Short text fragments from websites:
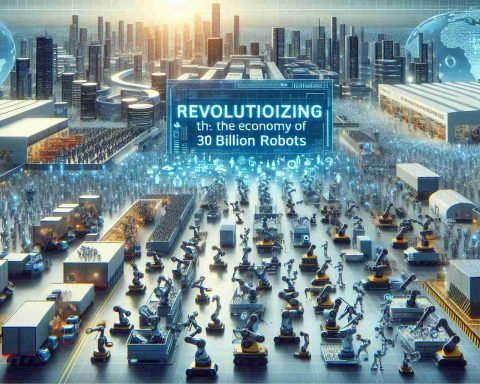 Unveiling the Future: 30 Billion Robots to Revolutionize the Economy Unveiling the Future: 30 Billion Robots to Revolutionize the Economy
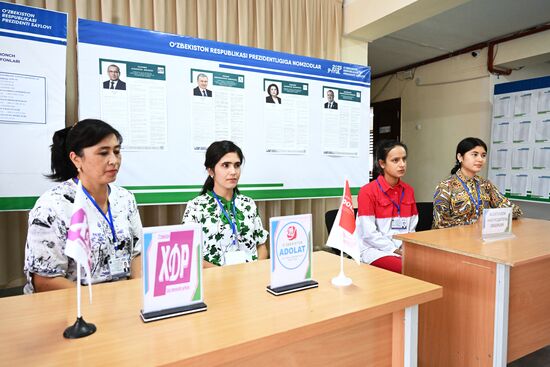 Uzbekistan Presidential Election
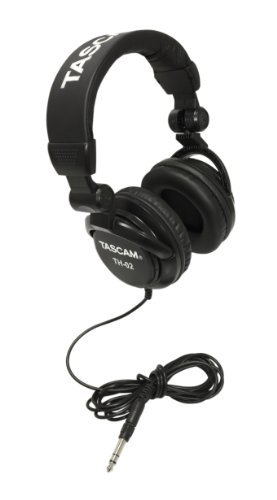 Tascam TH-02 – Auriculares estéreo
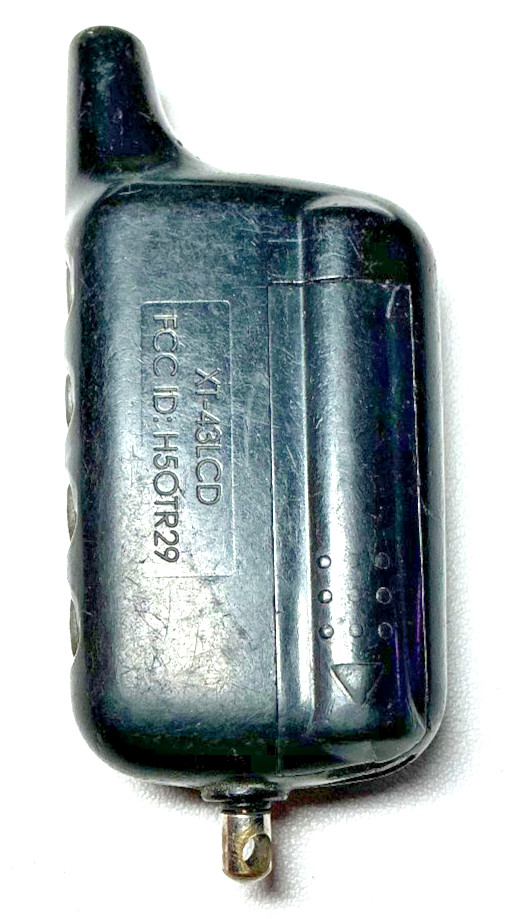 Original Autopage H5OTR29, XT-43LCD Key fob Keyless Entry Remote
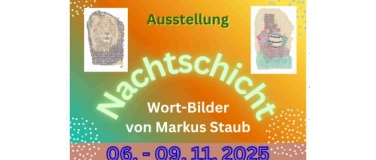 Event-Image for 'Wort-Bild Ausstellung 'Nachtschicht'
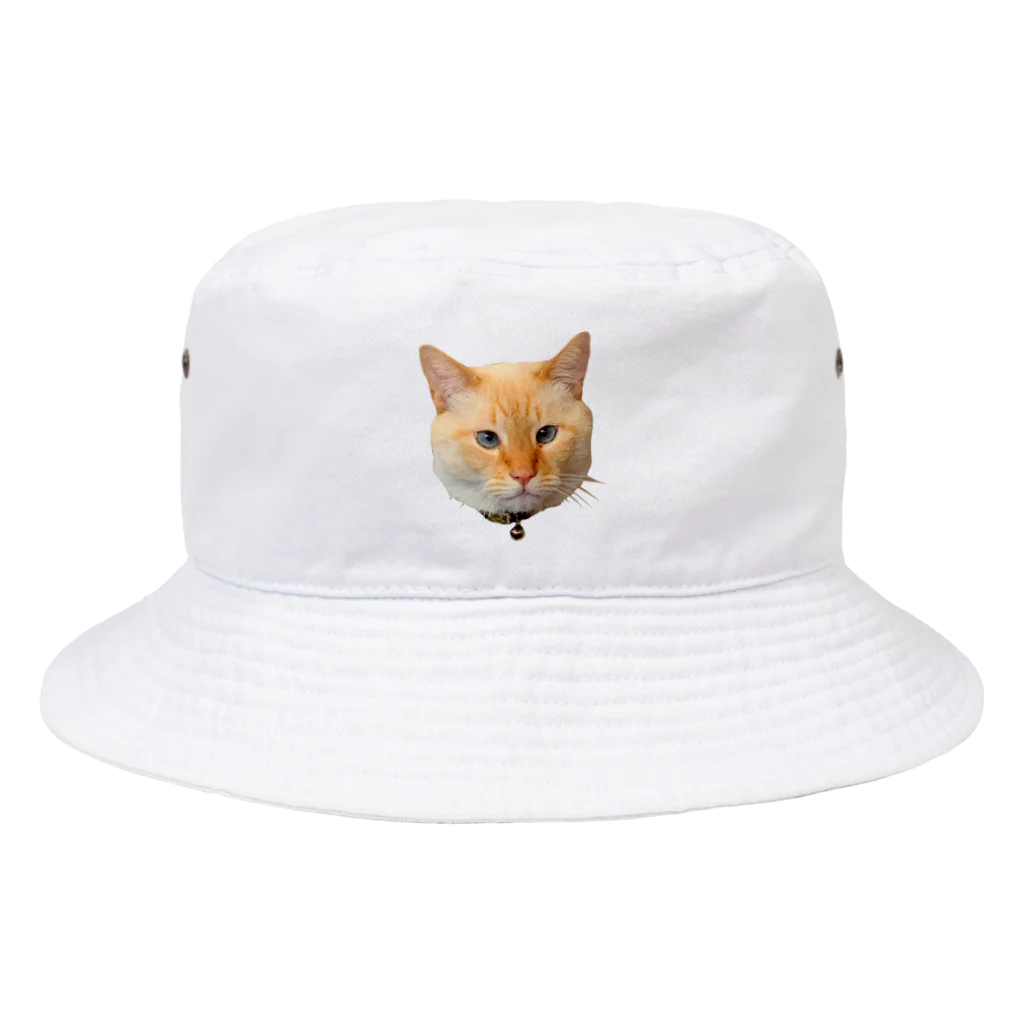 tankotantamaのなにも言わずともねこ好き宣言ができる❗️ドヤ顔ネコちゃん Bucket Hat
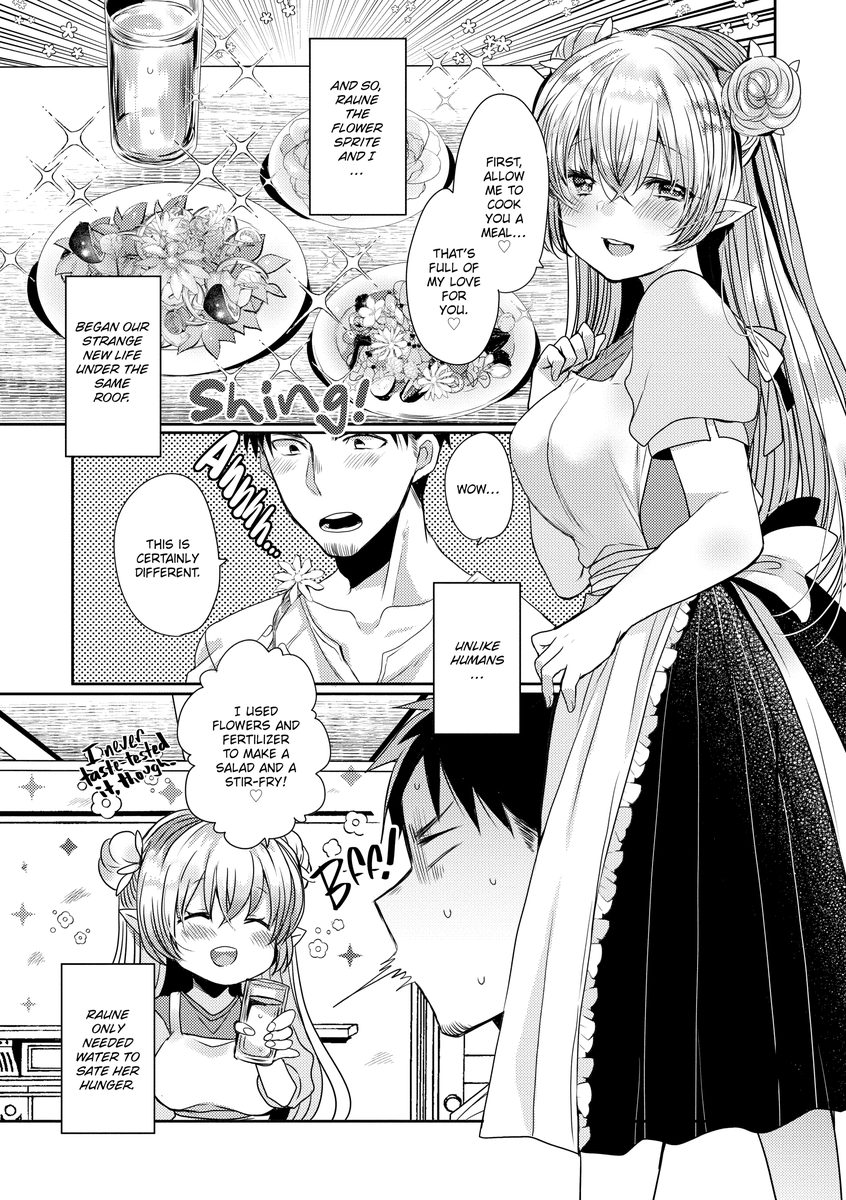 Monster Girls With a Need for Seed - Chapter 9 Page 7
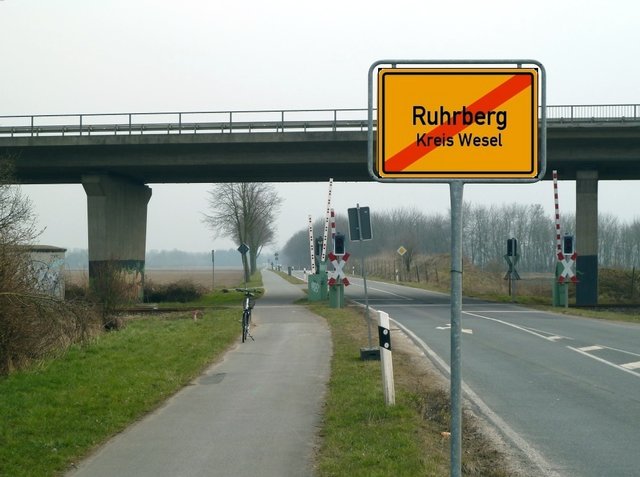 Das sehen die Ruhrberger wenn sie ihre Stadt verlassen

*YOUR ASSIGNMENT:* Here the lines from the one with "Event-Image for 'Wort-Bild" through the last line of the data above need to be repeated exactly, both included, and any picture omitted.

*SOLUTION FOR THIS EXERCISE:*
 Event-Image for 'Wort-Bild Ausstellung 'Nachtschicht'
 tankotantamaのなにも言わずともねこ好き宣言ができる❗️ドヤ顔ネコちゃん Bucket Hat
 Monster Girls With a Need for Seed - Chapter 9 Page 7
 Das sehen die Ruhrberger wenn sie ihre Stadt verlassen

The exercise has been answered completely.